CultureSanremo day 5, Sal Da Vinci trionfa in Emanuel Ungaro. Sul podio, Ditonellapiaga in Dsquared2 e Sayf in Moschino
Il marchio francese si aggiudica la medaglia d’oro all’Ariston. Sul palco spiccano anche Malika Ayane in Brunello Cucinelli, Levante in Giorgio Armani e Luchè in Louis Vuitton. Laura Pausini chiude il Festival con abiti Balenciaga by Pierpaolo Piccioli, mentre la co-conduttrice Giorgia Cardinaletti sceglie Ermanno Scervino

Sal Da Vinci è il vincitore della 76ª edizione del Festival di Sanremo e con lui si conclude il biennio di Carlo Conti. Il conduttore ieri sera ha infatti annunciato che a succedergli alla conduzione nel 2027 sarà Stefano De Martino. Ma a vincere non è stata solo la canzone italiana, è stata anche la moda. Ad accompagnare la medaglia d’oro di Sanremo 2026 è Emanuel Ungaro. Con il brano vincitore Per sempre si, Da Vinci ha scelto un completo con giacca bianca doppiopetto abbinata a pantaloni neri e papillon, quasi un fiocco, sempre nero. Un trionfo diverso rispetto a Olly in Emporio Armani, che segna come lo stile di questa edizione si sia caratterizzato per un altro filo conduttore, il classico sartoriale maschile. A cavalcare la tendenza menswear sanremese anche Francesco Renga con un abito doppiopetto blu in raso, revers in lurex e foulard by Canali. «Siamo in un territorio che per me è super chic, ma con anima rock. Pelle, giacche in velluto, texture profonde e qualche tocco scintillante che accende la scena. Un’eleganza un po’ ribelle, molto sua, con quel twist glam che a Sanremo funziona sempre», ha raccontato a MFF il suo stylist Michele Potenza, che quest’anno segue anche Fulminacci, il quale ha scelto uno smoking di Ami Paris e scarpe di Antica Cuoieria. «Per lui abbiamo scelto una chiave più vintage con Ami Paris e fatto un lavoro importante su colori e tessuti. C’è un mix materico forte, combinazioni inaspettate, ma sempre coerenti con il suo immaginario», ha continuato il consulente d’immagine.
Sulla stessa scia anche Leo Gassmann in A/X Armani exchange con un abito pulito dalle linee essenziali e gioielli Atelier Vm che hanno lasciato spazio alla voce. A scegliere il marchio italiano anche Tommaso Paradiso con camicia bianca, giacca e spilla di Emporio Armani.
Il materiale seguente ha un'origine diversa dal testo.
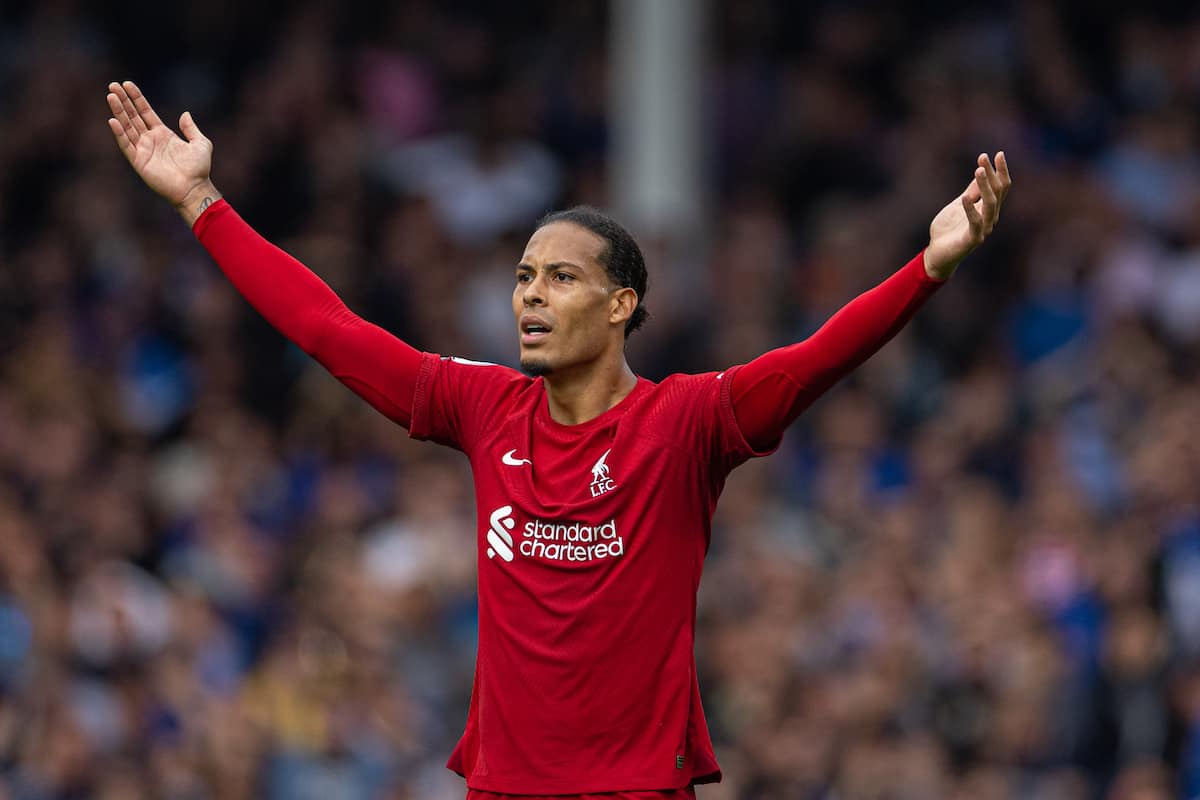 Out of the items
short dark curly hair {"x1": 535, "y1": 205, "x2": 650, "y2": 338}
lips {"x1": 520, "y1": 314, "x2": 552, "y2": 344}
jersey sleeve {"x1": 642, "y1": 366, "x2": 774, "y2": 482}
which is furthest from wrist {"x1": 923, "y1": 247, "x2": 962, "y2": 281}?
lips {"x1": 520, "y1": 314, "x2": 552, "y2": 344}

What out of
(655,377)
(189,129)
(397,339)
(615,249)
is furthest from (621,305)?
(655,377)

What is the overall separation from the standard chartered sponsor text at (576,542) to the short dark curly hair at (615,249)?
0.59 metres

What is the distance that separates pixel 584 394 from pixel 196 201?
116cm

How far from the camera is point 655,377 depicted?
11.8m

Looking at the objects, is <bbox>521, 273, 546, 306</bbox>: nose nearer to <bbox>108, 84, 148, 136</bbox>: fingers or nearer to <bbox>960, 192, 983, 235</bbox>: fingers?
<bbox>960, 192, 983, 235</bbox>: fingers

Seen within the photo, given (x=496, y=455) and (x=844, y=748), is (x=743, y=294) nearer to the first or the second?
(x=844, y=748)

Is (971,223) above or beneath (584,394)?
above

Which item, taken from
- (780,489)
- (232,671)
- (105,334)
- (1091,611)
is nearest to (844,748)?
(1091,611)

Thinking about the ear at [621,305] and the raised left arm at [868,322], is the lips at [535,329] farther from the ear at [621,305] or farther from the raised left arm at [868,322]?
the raised left arm at [868,322]

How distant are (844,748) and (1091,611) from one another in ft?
4.31

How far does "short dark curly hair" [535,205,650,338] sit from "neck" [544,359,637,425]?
174 millimetres

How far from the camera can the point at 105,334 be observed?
12.5 meters

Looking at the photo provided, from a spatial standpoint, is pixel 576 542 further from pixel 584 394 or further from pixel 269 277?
pixel 269 277

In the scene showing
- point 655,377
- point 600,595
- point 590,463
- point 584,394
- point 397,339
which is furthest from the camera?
point 655,377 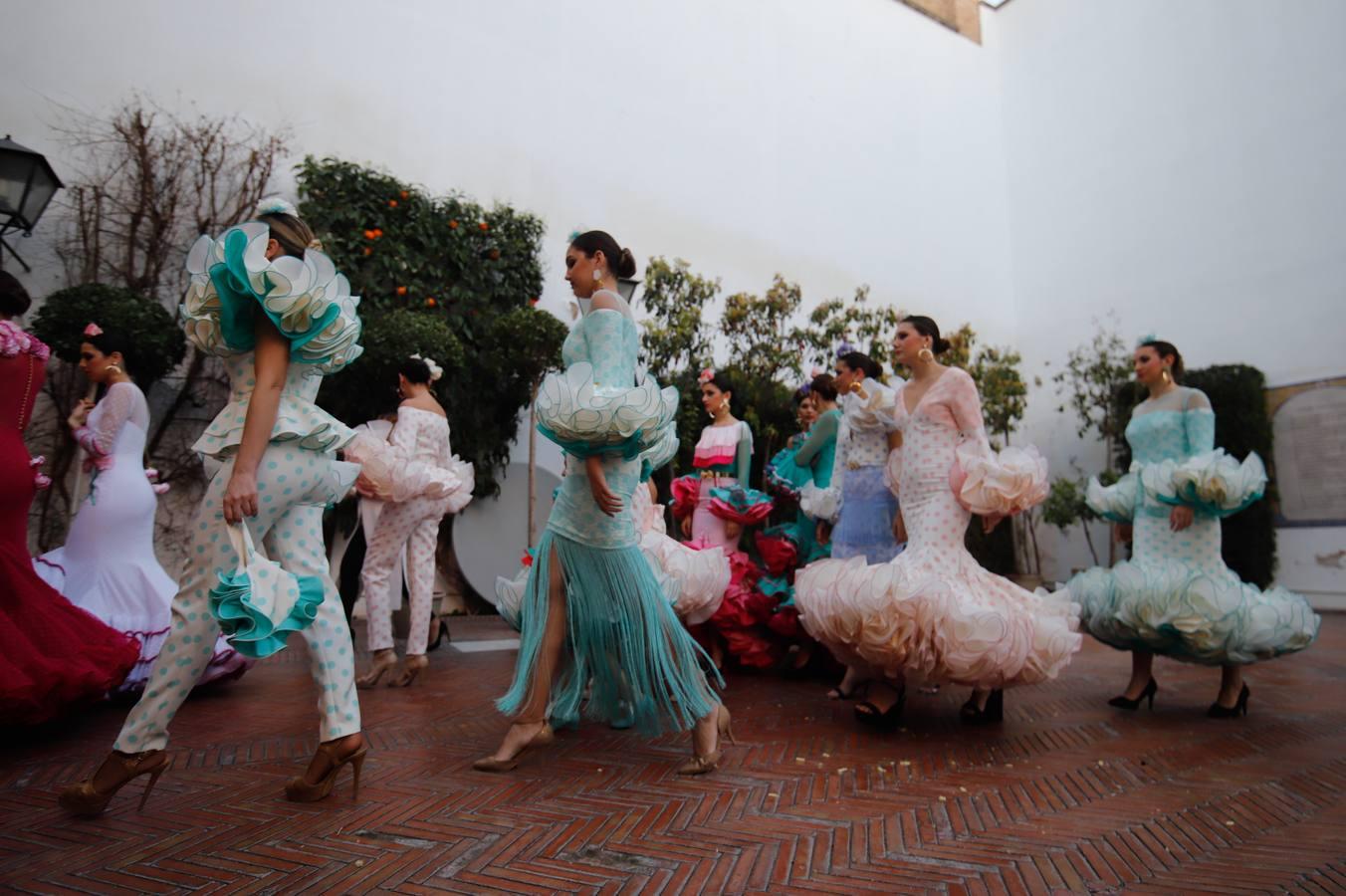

Dallo street al sartoriale, Luchè sempre in Louis Vuitton. Seguito ancora da Potenza, lo stylist racconta: «Lui ha già un’identità forte, riconoscibile al primo sguardo. Il mio lavoro è stato quello di accompagnarla e portarla sul palco dell’Ariston con una dimensione ancora più internazionale. Abbiamo costruito tutto insieme a Vuitton. È Luché al 100%, ma con una potenza visiva pensata per quel palco». Pelle su pelle per Lda e Aka7even anche in fatto di look coordinati in total leather by Pence1979 e calzature Cult. Conferme anche per Tredici Pietro in Vespa con gioielli DoDo, Eddie Brock in Luigi Bianchi flirt e mocassini college bordeaux di Antica Cuoieria, Dargen D’Amico in Mordecai con occhiali Swarovski e Michele Bravi in Antonio Marras con giacca in fil coupé ricamato con perline e paillettes nere, camicia in popeline bianco e pantaloni in gabardine di lana nera. A mantenere coerenza e rigore stilistico per tutte le serate è stato anche Carlo Conti, che ha scelto di affidarsi per l’intera edizione a Stefano Ricci. New entry di stile Colombre in total look Corneliani. E a chiudere la moda maschile, ma ad aprire la classifica generale del festival aggiudicandosi la medaglia d’argento è Sayf che per l’occasione ha scelto un completo total white con la particolarità di una rete come prolungamento della giacca firmato Moschino.
Sul podio anche Ditonellapiaga con un abito nero con corsetto, gonna pareo con fiocco nero e calze velate a pois by Dsquared2. A conferire un tocco di stile, fermagli con fiocchetti rosa. Uscendo dal ranking musicale si entra in quello dello stile con le altre donne di questo festival che, seppur in minoranza, hanno portato alto il glamour sul palco dell’Ariston. Da Laura Pausini in Balenciaga fino a Giorgia Cardinaletti in Ermanno Scervino. Le co-conduttrici, senza esagerare, hanno portato quel glamour che il palco dell’Ariston richiede. Pausini fa il bis con la maison di Kering e in particolare con le creazioni di Pierpaolo Piccioli, che per lei ha realizzato diversi look. Primo fra tutti un abito lungo bustier in lana scuba nera abbinato a guanti lunghi in pelle. Secondo, un abito bustier su misura drappeggiato in chiffon di seta bordeaux. Infine un dress made to measure ispirato al look 51 della collezione Estate 26, accostato a un crop top in doppia pelle lucida nera. A illuminare gli outfit, i preziosi Bulgari. Mentre Cardinaletti ha scelto l’italiano Ermanno Scervino. Nel dettaglio la giornalista del TG1 ha sfoggiato un dress in tulle con ricami azueljos, interamente ricoperto di cristalli, oltre a un abito couture in creponne di seta ricamato con trasparenze e arricchito da volant. A confermarsi diva anche nello stile Patty Pravo in velluto nero con scialle in raso ricamato by Simone Folco, che ha raccontato a MFF che gli abiti sono nati prima della musica invertendo le regole dello styling e confermando l’artista come una vera icona del palco. A impreziosire la mise, gioielli Bulgari. Momento glamour anche per Malika Ayane in Brunello Cucinelli con un custom made in filato metallico effetto craquelé impreziosito da micro paillettes argentate. A brillare e far ballare il pubblico con la sua energia Elettra Lamborghini con abito nero monospalla con ventaglio 3D e righe argento firmato Rahul Mishra.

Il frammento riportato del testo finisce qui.